## Dataset records

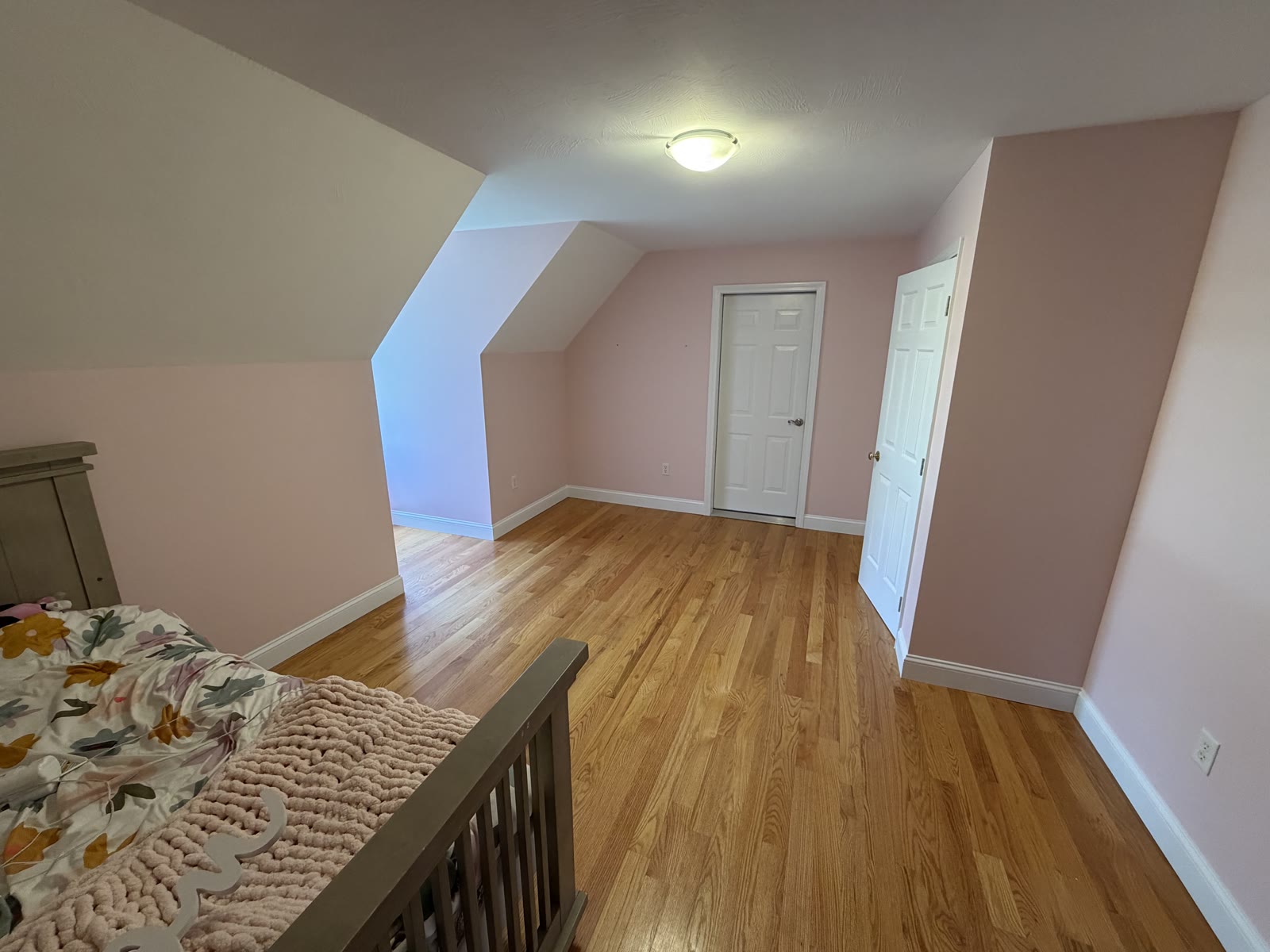 Finished pink bedroom with vaulted ceiling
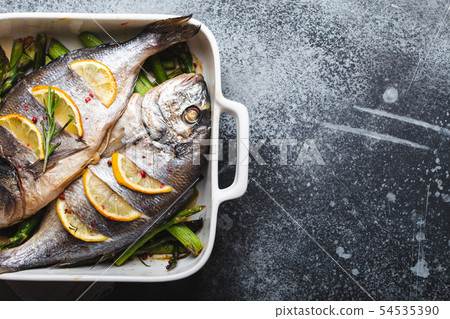 Fish dorado baked with asparagus Fish dorado baked with asparagus 54535390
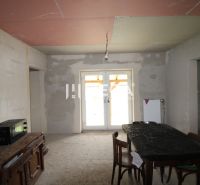 Na predaj - Dom s veľkým pozemkom v Pakostove - Nedokončený interiér s kuchynským stolom, stoličkami a skriňou v rodinnom dome.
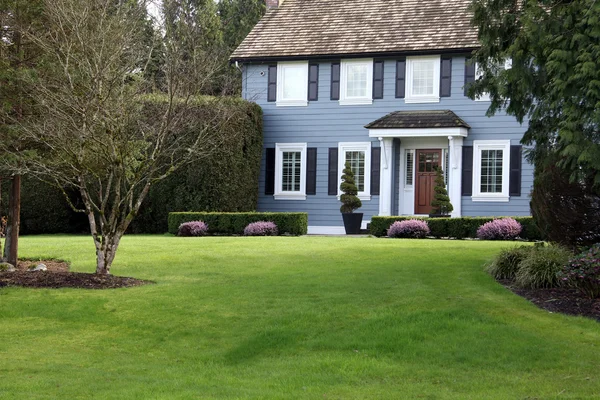 Элегантный особняк с большой лужайкой перед домом — стоковое фото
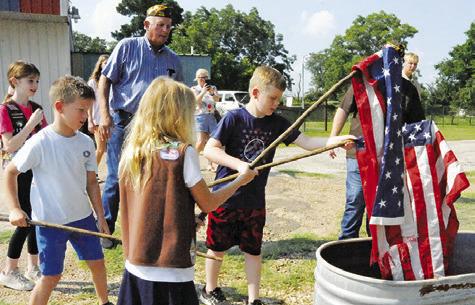 AREA CHILDREN UNDER THE supervision of members of VFW Post 4458 retired these flags by burning on Flag Day, June 14, during a ceremony at the post. -- Tribune photo by Denise Squier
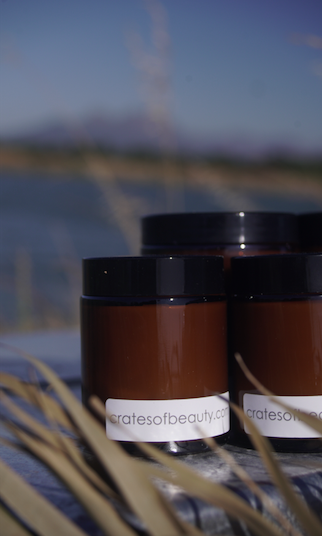 Close-up of soy candles in amber glass jars photographed outside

## Exercise description
Copy exactly the lines that run from the line containing "AREA CHILDREN UNDER" to the end of the data, keeping both end lines and dropping every picture.

## Answer space
 AREA CHILDREN UNDER THE supervision of members of VFW Post 4458 retired these flags by burning on Flag Day, June 14, during a ceremony at the post. -- Tribune photo by Denise Squier
 Close-up of soy candles in amber glass jars photographed outside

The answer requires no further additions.